Du miel de Mayotte. Pas facile d’en trouver ailleurs que chez les rares petits producteurs locaux. Mais une filière pourrait voir le jour dans les années à venir. La chambre d’agriculture (CAPAM) y croit.
A Mayotte, personne n’a jamais vu de vastes ruches installées dans les sous-bois. Notre département n’a jamais développé une activité apicole dynamique.
Traditionnellement, c’est la cueillette sauvage qui est très pratiquée. Mais cette «apicueillette» est très peu respectueuse des essaims. Les colonies d’abeilles sont souvent détruites par le feu avant que le miel soit prélevé.
Il existe pourtant quelques producteurs mahorais qui disposent de deux ou trois ruches et ils pourraient bientôt être rejoints par beaucoup d’autres. Car dans la région, l’apiculture existe depuis déjà longtemps. Madagascar fut, dans la première partie du 20e siècle, un des principaux producteurs de miel au monde. A La Réunion, une filière est bien organisée. Et comme notre abeille, l’Apis mellifera unicolor est la même que chez nos voisins (les Réunionnais l’appelle mouche à miel), pourquoi ne pas transposer leur expérience à Mayotte ? C’est le pari de la CAPAM qui a dépêché pour un mois, un de ses techniciens à La Réunion.
«Je participe à des formations théoriques et je visite beaucoup d’exploitations, explique Ibrahim Moussa, de la CAPAM. A chaque fois, mon idée est de voir ce que nous pourrions reproduire à Mayotte en évitant les erreurs commises par les autres.»
Une abeille sauvage bien acclimatée
L’abeille sauvage de l’océan indien est bien implantée et acclimatée dans notre département. Apis mellifera s’installe dans une grande diversité d’abris, des troncs creux, dans le sol et parfois dans les habitations.
Elle résiste à de longues périodes de pluie et son organisation est basée sur une floraison assez constante… ce qui est le premier inconvénient d’une longue liste.
Avoir accès à de la nourriture tout au long de l’année, à part à la fin de la saison sèche qui correspond pour elle à une courte période de disette, ne facilite pas la constitution de réserves. En conséquence, elle produit relativement peu de miel, même si la production pourrait tout de même atteindre une dizaine de kilos par an.
Autre problème : elle peut très vite abandonner son nid. Quand Apis mellifera est dérangée par des termites ou des fourmis, elle part s’installer ailleurs. Ce comportement, que les spécialistes appellent la «désertion», est une particularité des abeilles qui vivent en milieu tropical. Une telle fuite serait tout simplement suicidaire pour les abeilles européennes dont la vie est rythmée par les saisons d’un climat tempéré.

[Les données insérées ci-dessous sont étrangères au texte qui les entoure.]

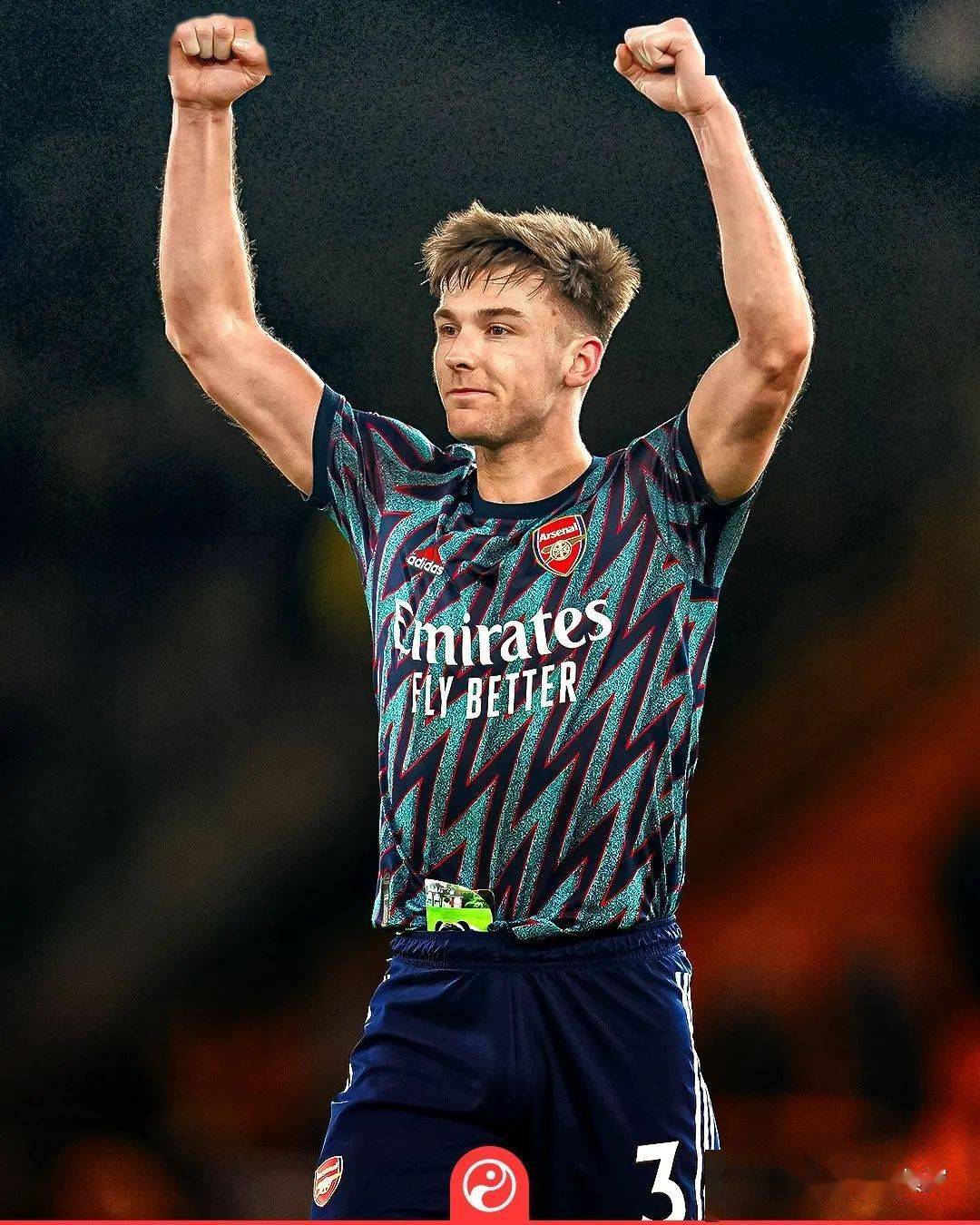 阿森纳前锋大迫勇也表现出色，球队未来可期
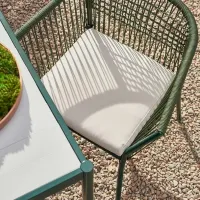 Set mobilă grădină Ikea Segeron/Froson/Duvholmen Oțel / Polipropilenă / Polipropilenă / Dark Green photo 4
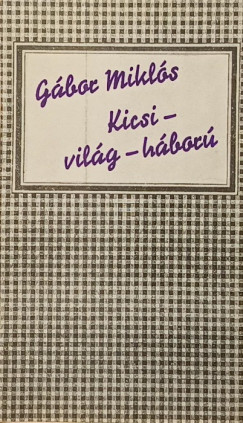 Kicsi vil�gh�bor�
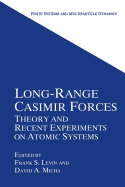 Long-Range Casimir Forces: Theory and Recent Experiments on Atomic Systems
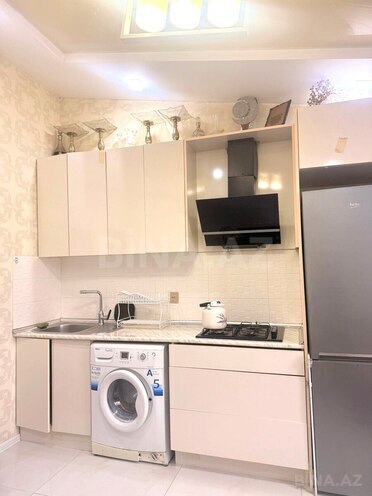 İcarəyə verilir 2 otaqlı yeni tikili 70 m², Əhmədli m., photo 6 from 14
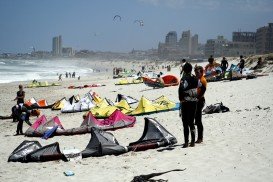 Bloubergstrand Beach, Cape Town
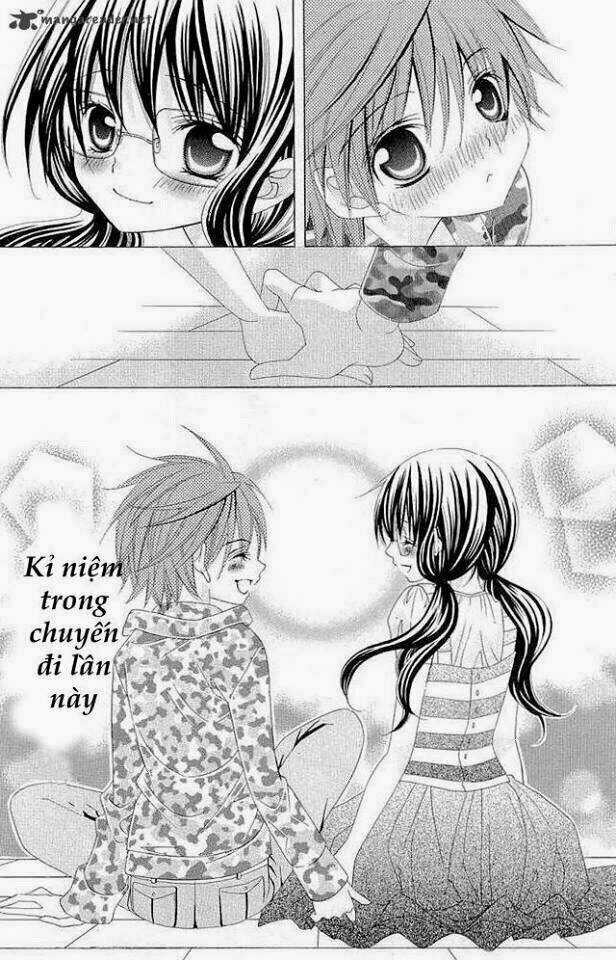 Suki Desu Suzuki-Kun!! Chapter 17 trang 18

Du coup, pas facile pour l’homme d’intervenir pour les installer dans une ruche, les transporter ou de récolter leur miel. Il faudrait donc imaginer de bonnes pratiques pour mettre en place une apiculture maitrisée d’autant qu’Apis mellifera rechigne à s’installer dans les grandes ruches modernes : elle n’aime pas les étages. Elle préfère généralement habiter dans une seule boite plutôt de petite taille.
Une abeille à l’abri de la mondialisation
Aujourd’hui, aux vues des difficultés, se lancer dans l’apiculture reste, chez nous, une aventure très incertaine. «Il est trop tôt pour dire les pistes que nous allons proposer pour Mayotte, prévient Ibrahim Moussa. J’écoute et je découvre. Il faudra ensuite en discuter avec tous ceux qui sont intéressés pour organiser une petite filière avec nos propres pratiques.»
Une apiculture à petite échelle pourrait permettre à de nombreuses petites fermes de se diversifier. Plus naturelle qu’en Europe, l’apiculture à la mode mahoraise pourrait profiter du fait que Mayotte reste encore à l’abri des maladies mondialisées des abeilles et des agricultures polluantes. Si tout reste à inventer, l’argument commercial est déjà trouvé.